Japan’s financial regulator the Financial Services Agency (FSA) has suggested easing corporate tax rules for crypto assets.
To support prime minister Fumio Kishida’s focus on reawakening the economy, the FSA will also focus on lighter levies for individual stock investors and tax breaks for investors.
Kishida’s “New Capitalism” vision aims to boost the world’s third-largest economy with a pledge to double the wealth of its residents’ households, all the while offering support to the country’s growing Web 3.0 businesses.
In its annual tax-code change request, the Japanese regulator proposed that companies become exempt from paying taxes for paper gains on crypto coins they hold after issuing them.
As for retail investors, the FSA suggested expanding a tax break initiative, named the Nippon Individual Savings Account (NISA) by making the program permanent and raising investment limits.

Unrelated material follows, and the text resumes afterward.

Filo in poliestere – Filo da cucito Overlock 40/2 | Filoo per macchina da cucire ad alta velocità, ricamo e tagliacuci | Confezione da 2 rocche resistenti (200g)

Under the NISA initiative, a portion of investors’ gains and dividends can be exempt from capital gains tax over time.
Statistics show that Japanese households hold around $14.5tn of financial assets in cash and deposits.
The new move by the FSA aims to support the country’s efforts to help investors use their savings by putting them into stocks thus boosting the overall financial economy.
Japan has been working hard to support its economy, especially focusing on up-and-coming companies. Japanese authorities eliminated the capital gains tax on crypto start-ups from 2023.